Sinisa Slijepcevic
Construction of invariant measures of Lagrangian maps: minimisation and relaxation
(103K, latex2e)

ABSTRACT.  If $F$ is an exact symplectic map on the $d$-dimensional cylinder $\Bbb{T}^d \times \Bbb{R}^d$, 
with a generating function $h$ 
having superlinear growth and uniform bounds 
on the second derivative, we construct a strictly gradient semiflow $\phi^*$ 
on the space of shift-invariant probability measures on the space of configurations 
$({\Bbb{R}}^d)^{\Bbb{Z}}$. Stationary points of $\phi^*$ are invariant measures 
of $F$, and the rotation vector and all spectral invariants are invariants of $\phi^*$. 
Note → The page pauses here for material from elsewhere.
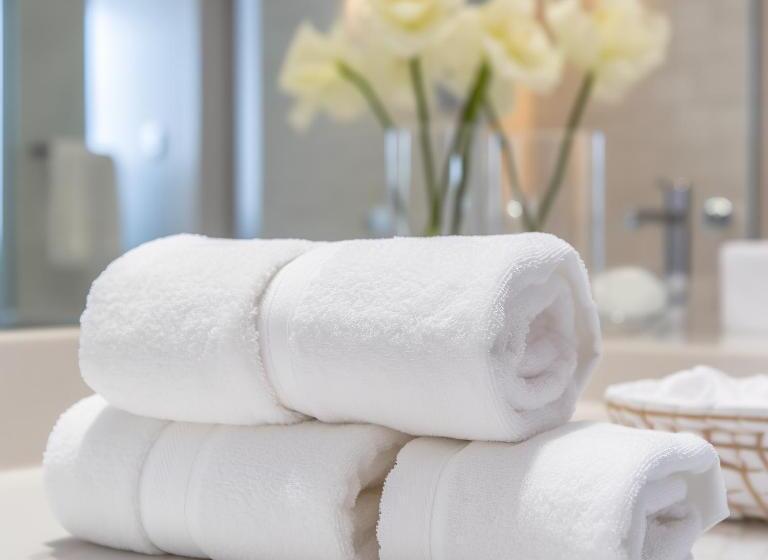 标准间, Miramare   Spa & Suites   Free Breakfast & Brunch Until 13 00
Using $\phi^*$ and the minimisation technique, we construct minimising 
measures with an arbitrary rotation vector $\rho \in \Bbb{R}^d$, and with an 
additional assumption that $F$ is strongly monotone, we show that the support of every 
minimising measure is a graph of a Lipschitz function. 
Using $\phi^*$ and the relaxation technique, assuming 
a weak condition on $\phi^*$ (satisfied e.g. in the Hedlund's counter-example, and in 
the anti-integrable limit) 
we show existence of double-recurrent orbits of $F$ (and $F$-ergodic measures) 
with an arbitrary rotation 
vector $\rho \in \Bbb{R}^d$, and the action arbitrarily close to the minimal action 
$A(\rho)$.